“So now,” she said, “I think we should put the get-back-together plan on hold.”
I was stunned, but I shouldn't have been. Paula frequently surprises me. I wanted to launch a rebuttal, but there was nothing to argue about. Her feelings were her feelings. In the dark it was hard to be sure, but I thought I saw tears in her eyes.
“Oh, I don't know what I'm saying, David. Decisions can be hard for me. Let's just go to bed.”
I was numb, undecided between heartbroken and reassured. We stood up and walked to her hotel room in silence. When she kissed me before entering it and sent me on my way, she made clear to my chagrin that what she'd meant to say was: “let's just go to our respective beds.”
I showered, and retired to my respective bed. I stared at the ceiling, anxious about my future with Paula, and angry at myself for the way I'd behaved with my father. One thing for sure. I had to join Paula on the Jonathan Singer case. Not only had she raised serious questions about foul play, but I also had to consider how much Jonathan Singer meant to Paula. He was her mentor; she felt that she owed him a great debt. And Paula’s debt was my debt.
As tired as I'd been before, I was now wide awake. How could I derail my negative train of thoughts? The silhouette of my guitar, leaning against the wall, was a welcome sight. I retrieved it and treated myself to a quiet medley of my favorite folk songs. Tonight's special feature was “Where Have All the Flowers Gone?” Maybe it was a ‘misery loves company’ kind of thing, but for some reason I found the song's profound pessimism perversely calming.
As I was falling asleep it struck me that my mother must be feeling truly unwell. She hadn't once asked me if I were hungry. Knowing that I'd eaten on Singer's boat would never have stopped her before.
MONDAY
CHAPTER FOURTEEN
A disturbing dream woke me at 6:30AM, 30 minutes early. I immediately forgot the dream--but that was probably a good thing. In any case, it was too late to return to sleep. As for doing something productive so early in the day...how about exercise? Keep dreaming, David.
While I washed up, shaved, and dressed I prioritized. Whom should I tackle first: Paula, parents, or professor (Singer)? Paula's proximity made my choice easy. At the very least she’d be a buffer against the dreaded mingling with conference participants. On the other hand, mingling might be the perfect way to begin the Jonathan Singer investigation.
It was 7:30 AM. Registration and continental breakfast buffet were set for 8. Formal conference activities were scheduled from 9 AM to 12:15 PM Monday to Friday, with a 15-minute break at 10:30. I called Paula's room but got no answer, so I decided to spend the next half hour exploring the hotel's grounds.

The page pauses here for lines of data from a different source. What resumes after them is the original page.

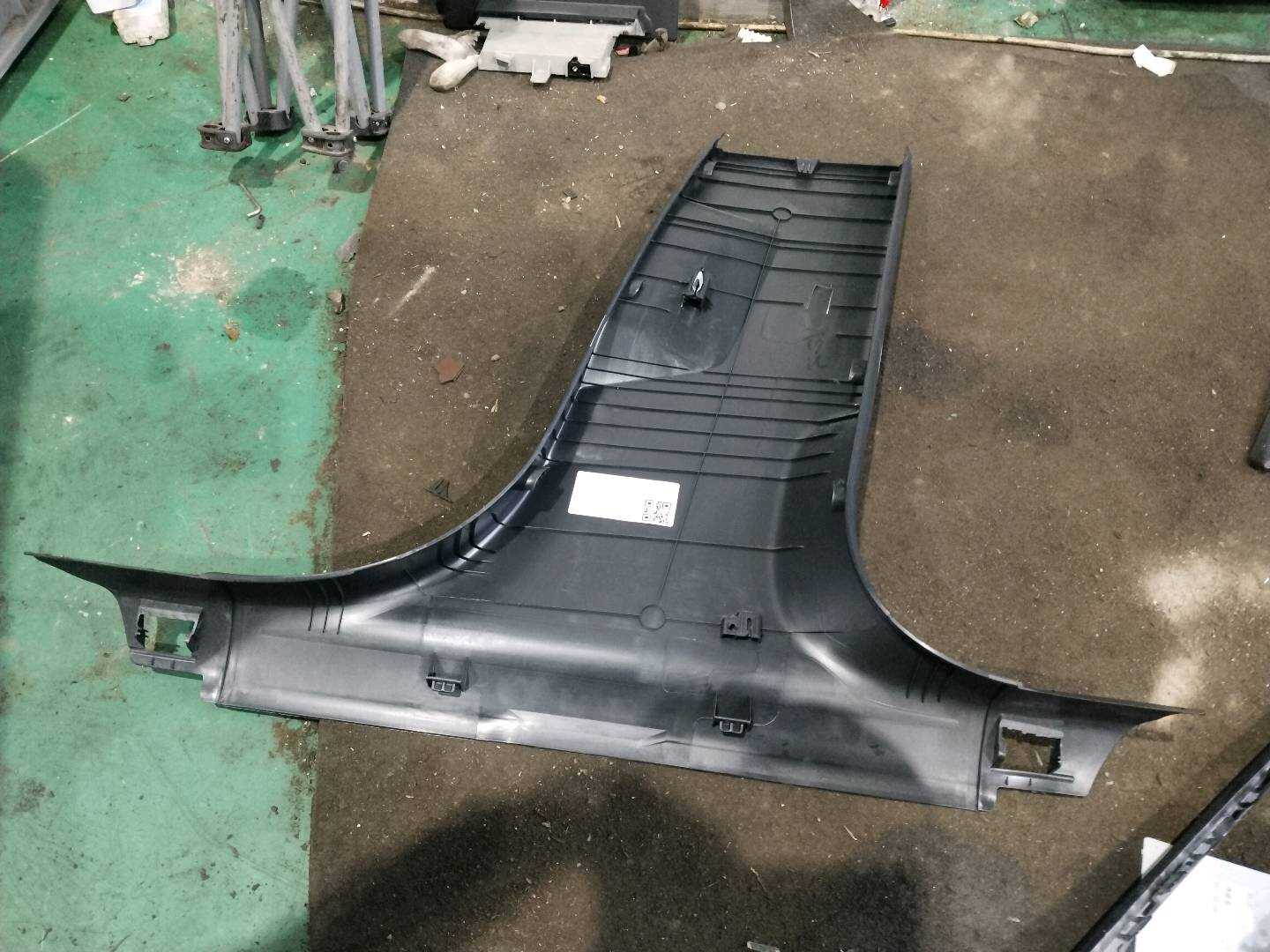 8WD867239A B-Pillar Inner Trim (Lower Left)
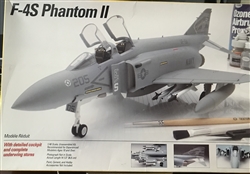 TESTORS 1/48 F-4S Phantom II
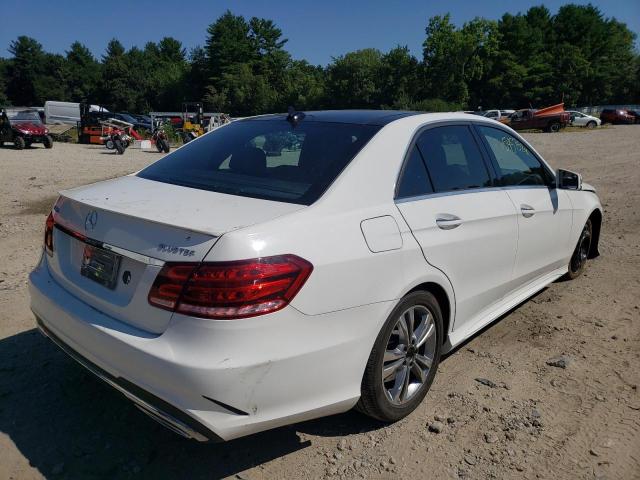 Photo 3 VIN: WDDHF9HB5FB087702 - MERCEDES-BENZ E-CLASS 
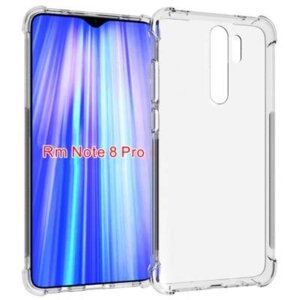 Чохол до моб. телефона BeCover Xiaomi Redmi Note 8 Pro Clear (704541)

My stroll began well, with bright sunshine and clear blue skies greeting me like a good-morning kiss. But it soon became clear that “hotel grounds” was a euphemism for parking lots and scruffy, un-explorable woodlands. So I circumnavigated the hotel, making note of a deplorably high (to me) number of SUVs and minivans, and landed once again in the sitting area with the stone fountain.
The setting reminded me of my conversation with Paula last night. Would our relationship ever be easy? I like to analyze and resolve issues, but matters involving Paula are seldom simple. Was it possible that she liked it that way? No. She suffers as much as I do. Maybe more. She’s persistent in addressing conflicts, even when it prolongs her own agony. My desire to avoid tension compels me to seek faster resolutions. So whose method leads to better emotional health? I feared that the answer was neither.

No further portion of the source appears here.